_PROBLEM DETAILS_: Only one stretch of the records below should be repeated. It starts with the line containing "Close-up of Nike" and goes on through the line containing "ein Wohnzimmer mit", exactly as written.

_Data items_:
------------------------------------------------------------

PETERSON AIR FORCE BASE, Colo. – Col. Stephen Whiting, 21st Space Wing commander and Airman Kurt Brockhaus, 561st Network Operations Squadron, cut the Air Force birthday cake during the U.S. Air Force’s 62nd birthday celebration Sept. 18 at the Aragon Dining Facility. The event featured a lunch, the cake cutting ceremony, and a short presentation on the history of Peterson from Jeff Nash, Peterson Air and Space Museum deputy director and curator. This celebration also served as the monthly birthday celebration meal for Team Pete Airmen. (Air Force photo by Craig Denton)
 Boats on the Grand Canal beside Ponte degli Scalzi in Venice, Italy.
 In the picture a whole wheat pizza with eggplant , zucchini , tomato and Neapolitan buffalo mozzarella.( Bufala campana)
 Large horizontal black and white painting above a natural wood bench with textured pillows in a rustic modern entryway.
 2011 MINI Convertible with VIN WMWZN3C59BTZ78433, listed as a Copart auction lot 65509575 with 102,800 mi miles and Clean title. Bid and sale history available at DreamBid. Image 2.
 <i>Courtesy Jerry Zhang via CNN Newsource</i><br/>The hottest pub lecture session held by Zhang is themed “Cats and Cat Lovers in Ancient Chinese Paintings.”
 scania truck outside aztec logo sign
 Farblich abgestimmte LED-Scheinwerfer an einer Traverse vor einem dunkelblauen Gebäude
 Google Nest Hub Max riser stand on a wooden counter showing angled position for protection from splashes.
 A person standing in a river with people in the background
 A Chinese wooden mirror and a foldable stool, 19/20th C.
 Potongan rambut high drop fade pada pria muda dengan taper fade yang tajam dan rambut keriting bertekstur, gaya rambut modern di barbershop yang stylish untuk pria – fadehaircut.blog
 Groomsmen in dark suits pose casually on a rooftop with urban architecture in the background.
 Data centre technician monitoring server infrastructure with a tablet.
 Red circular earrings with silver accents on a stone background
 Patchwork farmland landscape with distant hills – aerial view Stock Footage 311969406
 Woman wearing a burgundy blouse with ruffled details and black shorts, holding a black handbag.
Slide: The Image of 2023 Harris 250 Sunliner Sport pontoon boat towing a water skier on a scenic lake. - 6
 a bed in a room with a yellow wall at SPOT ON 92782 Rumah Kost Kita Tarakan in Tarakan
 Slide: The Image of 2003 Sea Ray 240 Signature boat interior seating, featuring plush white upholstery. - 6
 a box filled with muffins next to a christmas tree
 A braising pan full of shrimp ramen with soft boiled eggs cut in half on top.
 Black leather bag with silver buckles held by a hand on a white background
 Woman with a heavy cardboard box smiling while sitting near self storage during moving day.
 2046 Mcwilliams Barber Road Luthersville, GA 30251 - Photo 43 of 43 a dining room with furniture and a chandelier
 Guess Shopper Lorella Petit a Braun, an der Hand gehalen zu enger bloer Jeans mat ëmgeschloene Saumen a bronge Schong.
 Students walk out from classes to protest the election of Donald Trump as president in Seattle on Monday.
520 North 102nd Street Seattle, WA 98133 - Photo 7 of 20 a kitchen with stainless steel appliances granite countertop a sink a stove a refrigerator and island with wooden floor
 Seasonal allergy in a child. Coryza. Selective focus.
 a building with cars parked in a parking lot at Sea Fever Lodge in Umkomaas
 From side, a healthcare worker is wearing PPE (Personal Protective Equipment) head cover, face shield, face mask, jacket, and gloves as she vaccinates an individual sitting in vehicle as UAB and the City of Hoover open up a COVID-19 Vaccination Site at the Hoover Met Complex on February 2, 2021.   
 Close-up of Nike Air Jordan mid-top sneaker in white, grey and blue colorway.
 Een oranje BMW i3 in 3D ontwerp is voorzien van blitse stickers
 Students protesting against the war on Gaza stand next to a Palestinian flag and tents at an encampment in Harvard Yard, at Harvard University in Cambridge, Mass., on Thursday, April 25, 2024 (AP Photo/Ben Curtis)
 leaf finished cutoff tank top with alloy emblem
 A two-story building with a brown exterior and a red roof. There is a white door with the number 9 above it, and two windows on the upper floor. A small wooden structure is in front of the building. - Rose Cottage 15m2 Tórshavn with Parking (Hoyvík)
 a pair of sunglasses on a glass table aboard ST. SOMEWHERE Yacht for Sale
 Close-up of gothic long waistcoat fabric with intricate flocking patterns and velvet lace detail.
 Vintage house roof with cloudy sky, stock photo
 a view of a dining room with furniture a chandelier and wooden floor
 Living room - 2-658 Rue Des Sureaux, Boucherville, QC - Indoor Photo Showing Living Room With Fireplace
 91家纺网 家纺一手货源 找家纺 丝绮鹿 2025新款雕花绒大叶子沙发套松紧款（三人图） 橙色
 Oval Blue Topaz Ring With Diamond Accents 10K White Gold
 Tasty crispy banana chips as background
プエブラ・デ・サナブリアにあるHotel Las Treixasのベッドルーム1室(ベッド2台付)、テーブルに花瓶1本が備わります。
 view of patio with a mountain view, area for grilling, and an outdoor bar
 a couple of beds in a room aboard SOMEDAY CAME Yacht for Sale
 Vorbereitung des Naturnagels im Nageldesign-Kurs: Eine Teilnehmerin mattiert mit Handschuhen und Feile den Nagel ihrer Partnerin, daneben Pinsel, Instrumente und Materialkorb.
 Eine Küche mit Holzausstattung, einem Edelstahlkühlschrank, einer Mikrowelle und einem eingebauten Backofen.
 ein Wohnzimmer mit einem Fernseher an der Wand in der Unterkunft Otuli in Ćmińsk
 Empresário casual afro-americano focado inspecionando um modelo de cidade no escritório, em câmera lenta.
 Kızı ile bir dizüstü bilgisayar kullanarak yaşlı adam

------------------------------------------------------------

_WORKED SOLUTION_:
 Close-up of Nike Air Jordan mid-top sneaker in white, grey and blue colorway.
 Een oranje BMW i3 in 3D ontwerp is voorzien van blitse stickers
 Students protesting against the war on Gaza stand next to a Palestinian flag and tents at an encampment in Harvard Yard, at Harvard University in Cambridge, Mass., on Thursday, April 25, 2024 (AP Photo/Ben Curtis)
 leaf finished cutoff tank top with alloy emblem
 A two-story building with a brown exterior and a red roof. There is a white door with the number 9 above it, and two windows on the upper floor. A small wooden structure is in front of the building. - Rose Cottage 15m2 Tórshavn with Parking (Hoyvík)
 a pair of sunglasses on a glass table aboard ST. SOMEWHERE Yacht for Sale
 Close-up of gothic long waistcoat fabric with intricate flocking patterns and velvet lace detail.
 Vintage house roof with cloudy sky, stock photo
 a view of a dining room with furniture a chandelier and wooden floor
 Living room - 2-658 Rue Des Sureaux, Boucherville, QC - Indoor Photo Showing Living Room With Fireplace
 91家纺网 家纺一手货源 找家纺 丝绮鹿 2025新款雕花绒大叶子沙发套松紧款（三人图） 橙色
 Oval Blue Topaz Ring With Diamond Accents 10K White Gold
 Tasty crispy banana chips as background
プエブラ・デ・サナブリアにあるHotel Las Treixasのベッドルーム1室(ベッド2台付)、テーブルに花瓶1本が備わります。
 view of patio with a mountain view, area for grilling, and an outdoor bar
 a couple of beds in a room aboard SOMEDAY CAME Yacht for Sale
 Vorbereitung des Naturnagels im Nageldesign-Kurs: Eine Teilnehmerin mattiert mit Handschuhen und Feile den Nagel ihrer Partnerin, daneben Pinsel, Instrumente und Materialkorb.
 Eine Küche mit Holzausstattung, einem Edelstahlkühlschrank, einer Mikrowelle und einem eingebauten Backofen.
 ein Wohnzimmer mit einem Fernseher an der Wand in der Unterkunft Otuli in Ćmińsk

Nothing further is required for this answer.